O Coletivo foi feliz na escolha da maioria dos filmes, como os lendários Maranhão 66, de Glauber Rocha, e Panteras Negras, de Agnes Varda, além dos contemporâneos simpáticos Nada a declarar, de Gustavo Acioli, Espetáculo Democrático, de Guilherme César e Na real do Real, de Karina Santos. Alguns filmes foram um tanto confusos, como Canil_Ocupação a marretadas, dos jovens Lucas Keese e Eduardo Fernandes, que assisti duas vezes para compreender sobre o que realmente o filme tenta tratar. Na primeira exibição, compreendi que o filme criticava, de certa forma, os estudantes, já que usaram de uma forma um tanto radical para evidenciar sua posição quanto a falta de um espaço para a cultura dentro da Universidade de São Paulo. Talvez essa visão seja apoiada pela trilha sonora, que em certo momento diz : Ao invés de fazer tudo isso, era melhor ter ido trabalhar. Já na segunda exibição, percebi que o documentário era a favor das tais marteladas nos muros do antigo canil, com a ajuda, é claro, dos próprios realizadores, no debate pós-sessão. O filme confunde pela edição, ora irônica, ora séria. Ao mesmo tempo que parece criticar a falta de cultura e discussão dentro do feudo intelectual USP, evidencia-se festinhas de faculdade, clima de badalação e ainda com trechos dos macacos de 2001- Uma odisséia no espaço o filme fica nessa confusão de pontos de vista.

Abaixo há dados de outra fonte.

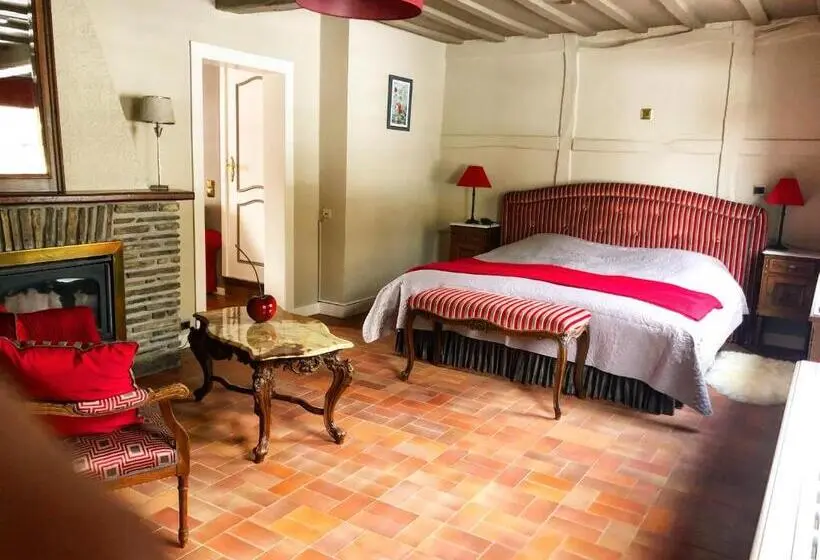 ファミリールーム, Hostellerie De La Chapelle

Outros filmes não unânimes foram as pílulas de Graziela Kunsch Abertura de Portas e Entrada no Prédio. O primeiro retrata ativistas do movimento Passe Livre em ação, abrindo as portas de um ônibus para a população entrar sem passar pela catraca. O segundo mostra a invasão de um prédio abandonado do INSS em São Paulo, por membros do Movimento Sem-Teto do Centro. Os filmes não foram unânimes pelo caráter televisivo, um tanto apelativo no tratamento dos retratados, com gritos e situações de baderna. Mas vale a pena pelo experimentalismo do usa da câmera na mão nos dias de hoje!
No entanto, o tolo “Mamãe eu fiz um super 8 nas calças” fez sucesso superficial, mostrando quanta besteira é capaz de se filmar em um minuto, como fazer o chato trocadilho de dentadura e ditadura…

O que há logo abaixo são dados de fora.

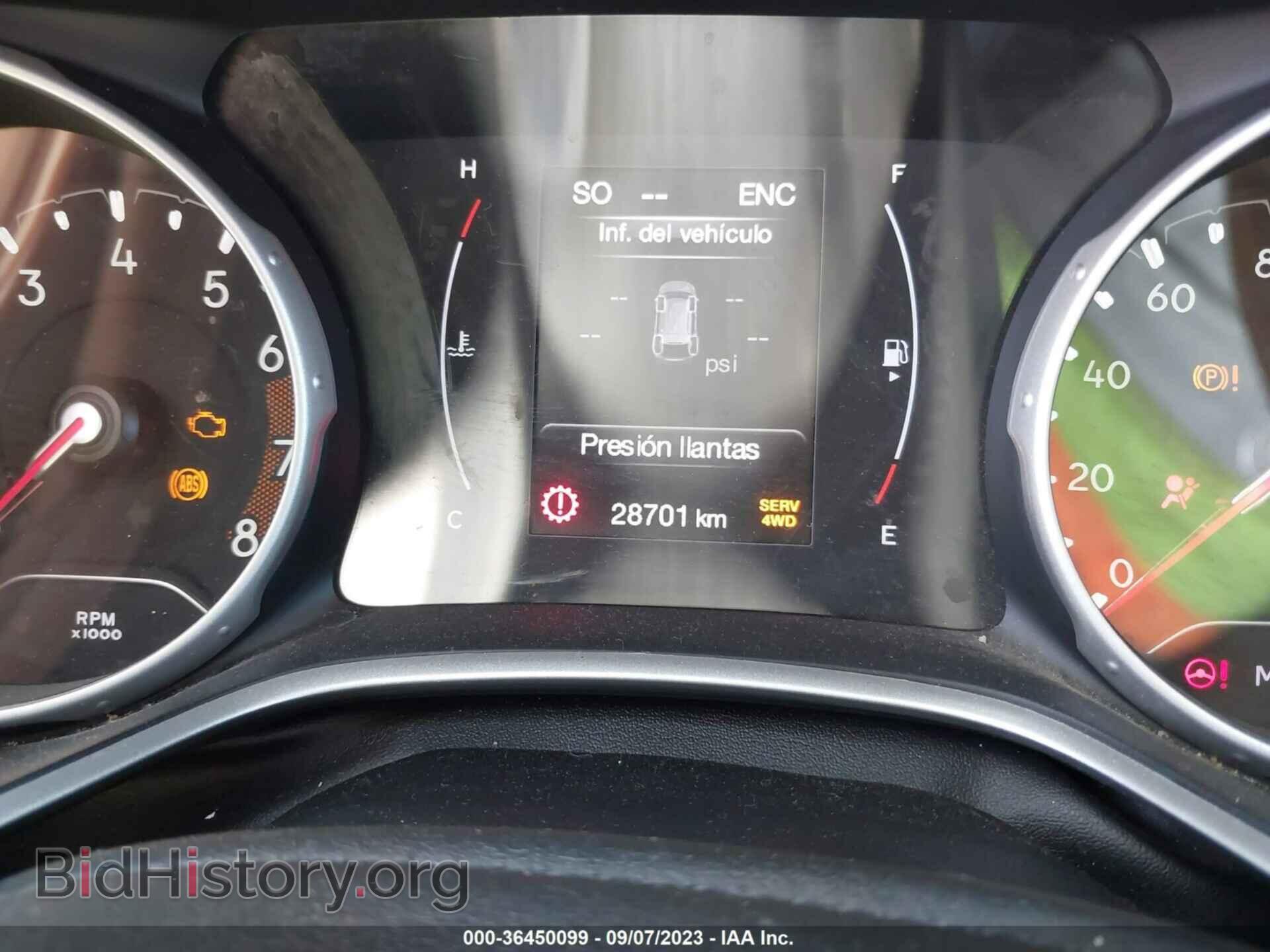 2020 JEEP COMPASS - VIN: 3C4NJDBBXLT222447 - Фото 7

Outra grande seção do Festival foi a “Formação do olhar Kinooikos“, que tem como característica mostrar filmes feitos em diversas comunidades, como os projetos Ateliê Acaia e Vídeo nas Aldeias. A crítica fica justamente para a produção do Festival, que colocou todas as exibições da seção em apenas dois cinemas, Cine Olido e Centro Cultural São Paulo. Não compreendo como elevar o cinema amador se ele não é mostrado claramente para todos. A pessoa que faz a programação poderia explicar os motivos de alguns filmes ficarem à margem do festival, já que o centro, notadamente é a Cinemateca.

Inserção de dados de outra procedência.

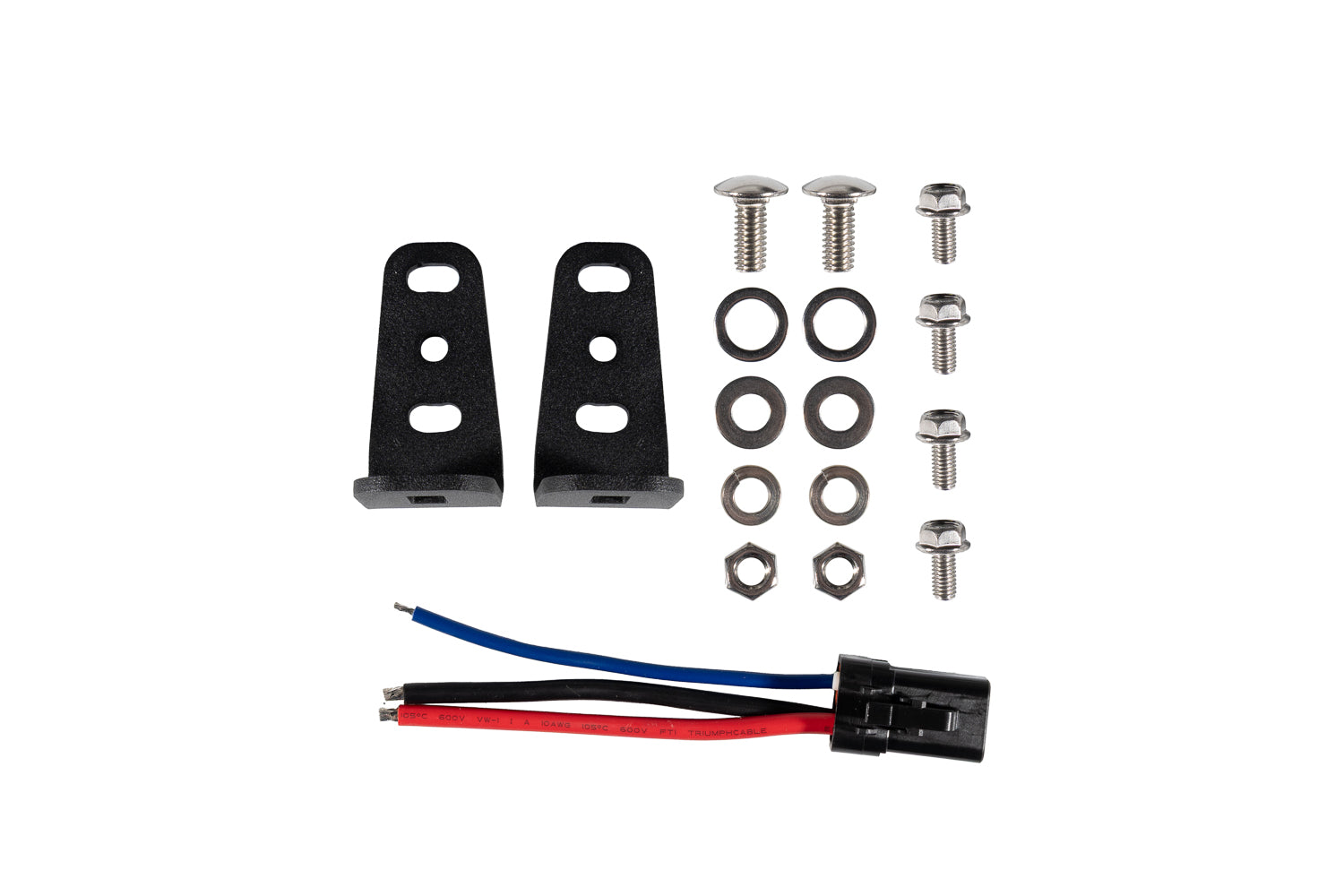 Extruded Stage Series Lightbar Universal Bracket Kit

Voltando aos filmes Kinooikos, alguns receberam grande simpatia do público, como o Se Vira, Malandro, de realização coletiva do Ateliê Acaia e o sugestivo O que se passa na cabeça das mulheres, de Allan Carvalho, Marcos Coelho e Ludio Vilaia. A maioria dos filmes carrega o peso da falta de verba para se fazer cinema, tema tão discutido no meio Audiovisual por pessoas que talvez nem conheçam esses projetos. E a questão aqui não é esta, e sim a generosa idéia de oferecer meios para que pessoas fora do mundo do cinema possam expressar suas idéias. Vanessa Reis e Moira Toledo estão de parabéns, e sua vontade de fazer as coisas acontecerem deram certo.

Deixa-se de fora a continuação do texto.